A Gulagu Net, uma organização russa de direitos humanos que ajuda condenados, recebeu pela primeira vez ligações e cartas de presos relatando sobre os esforços de recrutamento do grupo Wagner em março. O chefe da Gulagu Net, Vladimir Osechkin, disse ao The Washington Post em entrevista no mês passado que o esforço era muito limitado na época.
“Aquelas eram colônias para ex-policiais. Eles estavam procurando por pessoas com experiência em combate, que participaram de operações de contraterrorismo e várias hostilidades”, disse Osechkin.
“Estamos falando de forças especiais aqui, pessoas que sabem o que é uma arma”, acrescentou. “Eles foram informados de que seriam comandantes, que a Pátria precisa deles, mas até onde entendemos, esta campanha falhou porque eles não conseguiram recrutar muitos deles”.
Mas como a campanha militar da Rússia na Ucrânia estagnou desde os ganhos iniciais, o esforço para encontrar novos recrutas ganhou uma nova urgência.
A partir de julho, o número de ligações que recebemos cresceu exponencialmente, dizendo que o grupo Wagner lançou uma campanha de recrutamento em massa em colônias regulares
Vladimir Osechkin, chefe do Gulagu Net
A abordagem de alistamento teve duas vertentes: alguns condenados receberam funções de apoio, como cavar trincheiras e fazer vários trabalhos de construção perto de áreas controladas pelos separatistas na região de Donbas. Outros foram recrutados para unidades de 12 pessoas encarregadas de “missões especiais de combate”, embora muitas vezes tivessem pouco treinamento militar.
“Tudo aponta para o fato de que o Exército russo tem escassez de pessoal e eles estão tentando reabastecê-lo usando prisioneiros com os quais não se importam”, disse Osechkin.
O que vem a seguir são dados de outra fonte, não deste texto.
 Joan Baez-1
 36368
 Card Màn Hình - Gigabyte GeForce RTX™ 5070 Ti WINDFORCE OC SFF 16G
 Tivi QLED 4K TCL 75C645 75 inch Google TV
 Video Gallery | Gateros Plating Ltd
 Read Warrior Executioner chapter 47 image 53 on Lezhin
Outra organização de direitos civis, a Russia Behind Bars, que há muito investiga as condições horríveis nas prisões russas, estimou que cerca de 7 mil a 10 mil condenados já foram enviados para lutar na Ucrânia.
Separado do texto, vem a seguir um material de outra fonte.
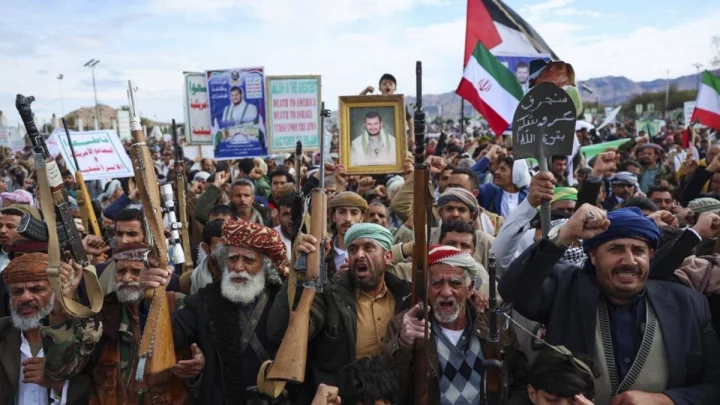 Thumbnail Toshif Hasan  (5)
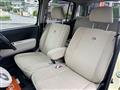 2011 Daihatsu MIRA COCOA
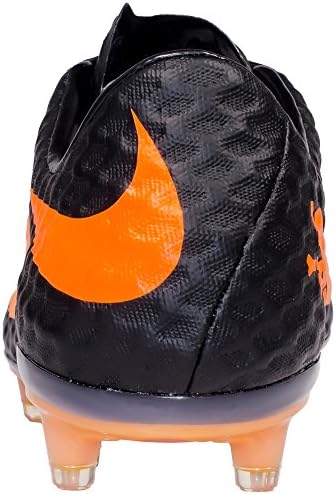 nike hypervenom rojos 2018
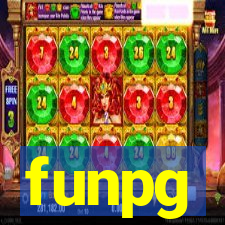 funpg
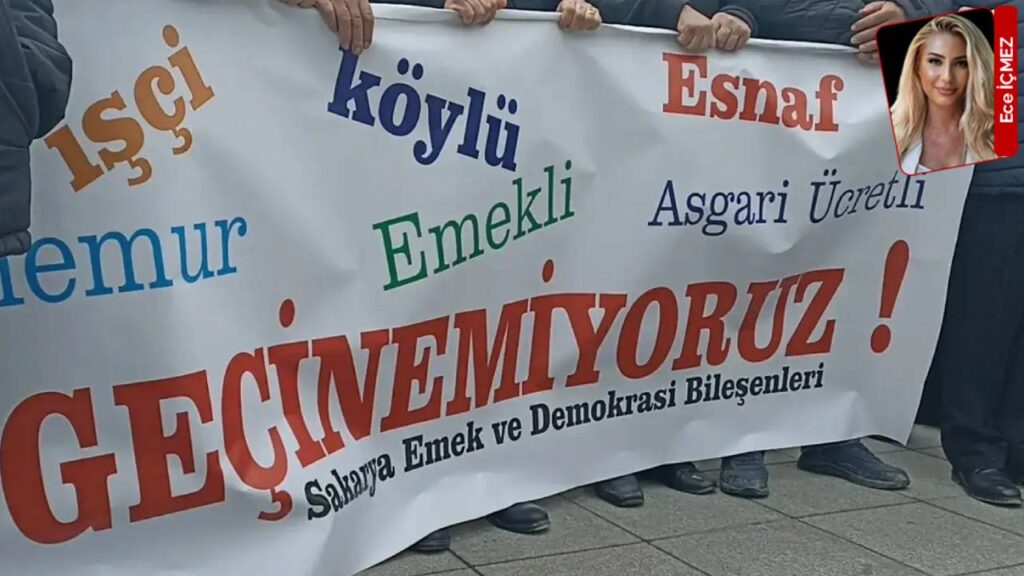 enflasyonla-mucadele-programindan-patron-da-emekci-de-memnun-degil-revizyon-kurtarmaz-q6aYxpXQ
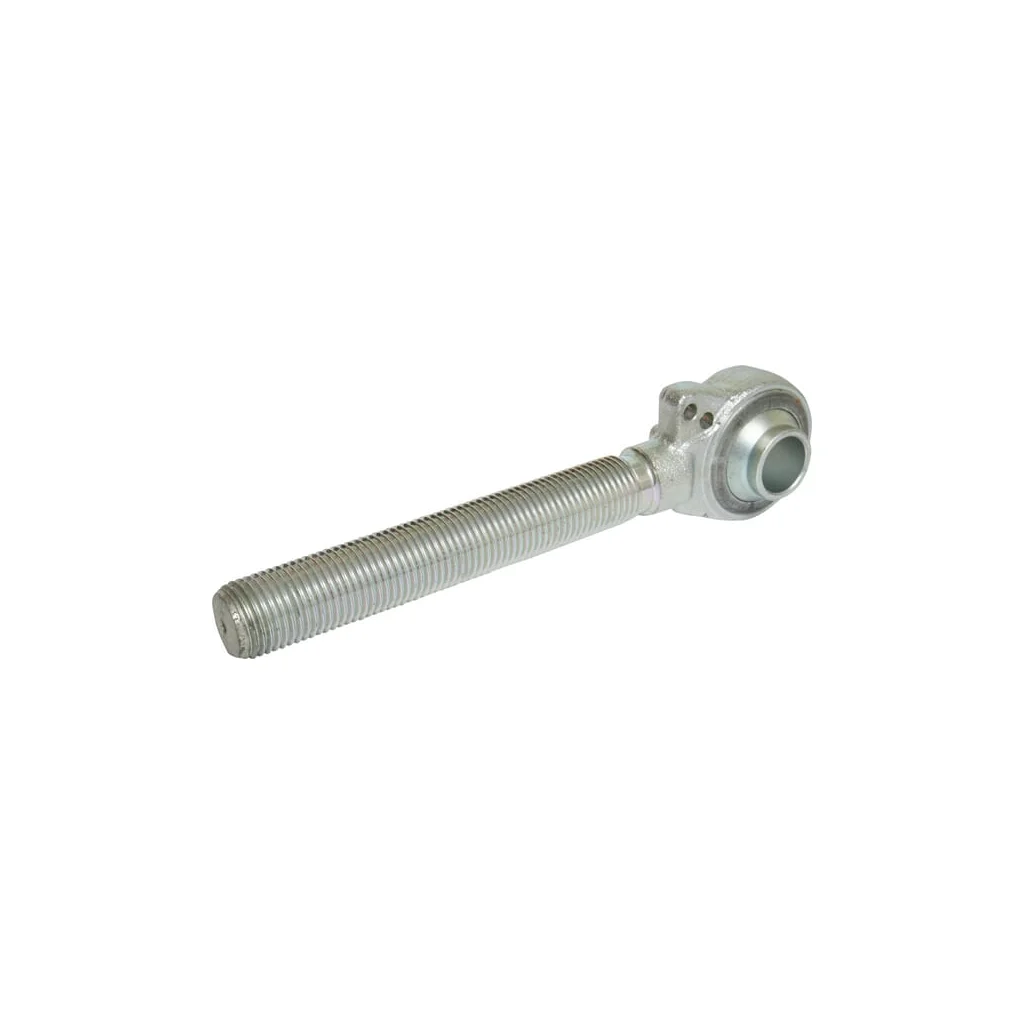 [AMAT2-155867] Piesă de legătură 5143008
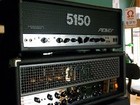 Picture for song 'ManMadeGod5150' by artist 'Poidaobi'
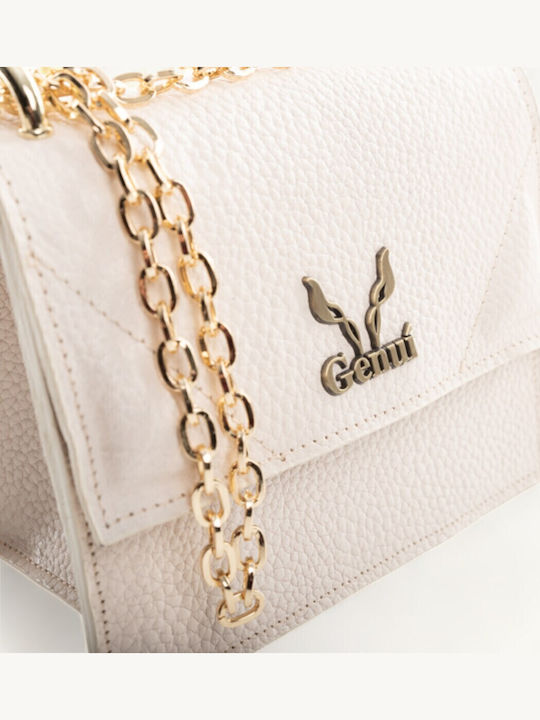 Genui Leather Genui Leather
Ambas as organizações expressaram preocupação de que os prisioneiros estejam sendo levados a participar de uma missão suicida em potencial sem garantias legais, bem como a preocupação de libertar criminosos condenados potencialmente violentos que cumprem sentenças de décadas por assassinato ou agressão agravada.
“Além de ser imoral e muito perigoso, também significa que o conceito de ‘crime’ não existe mais na Rússia; eles enxugaram os pés no sistema judicial”, escreveu a chefe da Russia Behind Bars, Olga Romanova, em um post no Facebook.
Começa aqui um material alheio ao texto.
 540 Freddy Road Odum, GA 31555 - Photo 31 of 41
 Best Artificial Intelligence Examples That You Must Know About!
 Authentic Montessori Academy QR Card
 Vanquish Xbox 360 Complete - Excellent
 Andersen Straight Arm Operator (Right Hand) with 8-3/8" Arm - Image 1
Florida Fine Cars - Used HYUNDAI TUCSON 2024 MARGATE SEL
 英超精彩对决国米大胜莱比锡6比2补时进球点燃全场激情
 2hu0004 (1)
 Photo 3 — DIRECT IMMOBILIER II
De acordo com o Gulagu Net, Putin premiou pelo menos um condenado russo que lutou na Ucrânia com uma medalha de bravura: Ivan Neparatov, membro de um grupo do crime organizado que cumpriu 12 anos de sua sentença de 25 anos por assassinato, roubo e sequestro.
No vídeo, Prigozhin disse aos detentos da colônia penal, que o The Washington Post identificou como sendo na pequena república de Mari El, na Rússia central, que ele estava procurando os “stormtroopers” mais descarados, dispostos a serem jogados nas zonas de guerra mais acirradas como infantaria.
“Você tem cinco minutos para tomar uma decisão”, disse ele.
Quanto à confiança e garantias, você tem alguém que possa tirá-lo vivo da prisão? Alá e Deus podem tirá-lo (morto). Vou tirar você daqui vivo. Mas não é sempre que eu te trago de volta vivo.